§ WHAT TO DO:
Stop after the line that contains "Hey, OBCFam. For"; until then, restate each line of the entries word for word from the very first.

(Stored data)
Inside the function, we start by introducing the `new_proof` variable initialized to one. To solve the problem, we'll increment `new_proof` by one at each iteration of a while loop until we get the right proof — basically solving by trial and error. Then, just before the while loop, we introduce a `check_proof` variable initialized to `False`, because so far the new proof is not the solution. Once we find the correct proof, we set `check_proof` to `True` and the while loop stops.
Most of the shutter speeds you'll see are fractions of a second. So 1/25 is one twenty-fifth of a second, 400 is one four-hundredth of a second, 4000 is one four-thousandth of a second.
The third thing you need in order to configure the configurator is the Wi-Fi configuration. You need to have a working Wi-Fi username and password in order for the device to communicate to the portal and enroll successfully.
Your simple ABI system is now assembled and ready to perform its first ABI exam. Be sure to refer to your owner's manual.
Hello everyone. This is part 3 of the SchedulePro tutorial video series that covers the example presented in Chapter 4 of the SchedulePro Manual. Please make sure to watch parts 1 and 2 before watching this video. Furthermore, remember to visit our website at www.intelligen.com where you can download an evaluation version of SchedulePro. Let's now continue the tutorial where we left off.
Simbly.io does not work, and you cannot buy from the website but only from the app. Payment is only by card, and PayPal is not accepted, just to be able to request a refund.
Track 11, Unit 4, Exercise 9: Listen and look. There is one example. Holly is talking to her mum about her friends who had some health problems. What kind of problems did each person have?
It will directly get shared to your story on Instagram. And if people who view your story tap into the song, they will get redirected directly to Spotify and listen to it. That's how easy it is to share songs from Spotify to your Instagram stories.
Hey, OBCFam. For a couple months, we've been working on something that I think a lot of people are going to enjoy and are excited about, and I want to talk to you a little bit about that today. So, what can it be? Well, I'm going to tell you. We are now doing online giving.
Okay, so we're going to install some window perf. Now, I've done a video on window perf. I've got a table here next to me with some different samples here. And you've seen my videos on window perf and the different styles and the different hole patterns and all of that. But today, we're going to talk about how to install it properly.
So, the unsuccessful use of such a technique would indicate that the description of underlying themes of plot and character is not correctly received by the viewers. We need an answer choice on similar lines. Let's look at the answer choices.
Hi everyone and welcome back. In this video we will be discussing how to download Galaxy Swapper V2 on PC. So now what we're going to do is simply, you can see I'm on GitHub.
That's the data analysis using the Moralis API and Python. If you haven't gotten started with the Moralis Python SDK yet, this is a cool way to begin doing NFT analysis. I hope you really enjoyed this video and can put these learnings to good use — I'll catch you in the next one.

§ RESPONSE:
Inside the function, we start by introducing the `new_proof` variable initialized to one. To solve the problem, we'll increment `new_proof` by one at each iteration of a while loop until we get the right proof — basically solving by trial and error. Then, just before the while loop, we introduce a `check_proof` variable initialized to `False`, because so far the new proof is not the solution. Once we find the correct proof, we set `check_proof` to `True` and the while loop stops.
Most of the shutter speeds you'll see are fractions of a second. So 1/25 is one twenty-fifth of a second, 400 is one four-hundredth of a second, 4000 is one four-thousandth of a second.
The third thing you need in order to configure the configurator is the Wi-Fi configuration. You need to have a working Wi-Fi username and password in order for the device to communicate to the portal and enroll successfully.
Your simple ABI system is now assembled and ready to perform its first ABI exam. Be sure to refer to your owner's manual.
Hello everyone. This is part 3 of the SchedulePro tutorial video series that covers the example presented in Chapter 4 of the SchedulePro Manual. Please make sure to watch parts 1 and 2 before watching this video. Furthermore, remember to visit our website at www.intelligen.com where you can download an evaluation version of SchedulePro. Let's now continue the tutorial where we left off.
Simbly.io does not work, and you cannot buy from the website but only from the app. Payment is only by card, and PayPal is not accepted, just to be able to request a refund.
Track 11, Unit 4, Exercise 9: Listen and look. There is one example. Holly is talking to her mum about her friends who had some health problems. What kind of problems did each person have?
It will directly get shared to your story on Instagram. And if people who view your story tap into the song, they will get redirected directly to Spotify and listen to it. That's how easy it is to share songs from Spotify to your Instagram stories.
Hey, OBCFam. For a couple months, we've been working on something that I think a lot of people are going to enjoy and are excited about, and I want to talk to you a little bit about that today. So, what can it be? Well, I'm going to tell you. We are now doing online giving.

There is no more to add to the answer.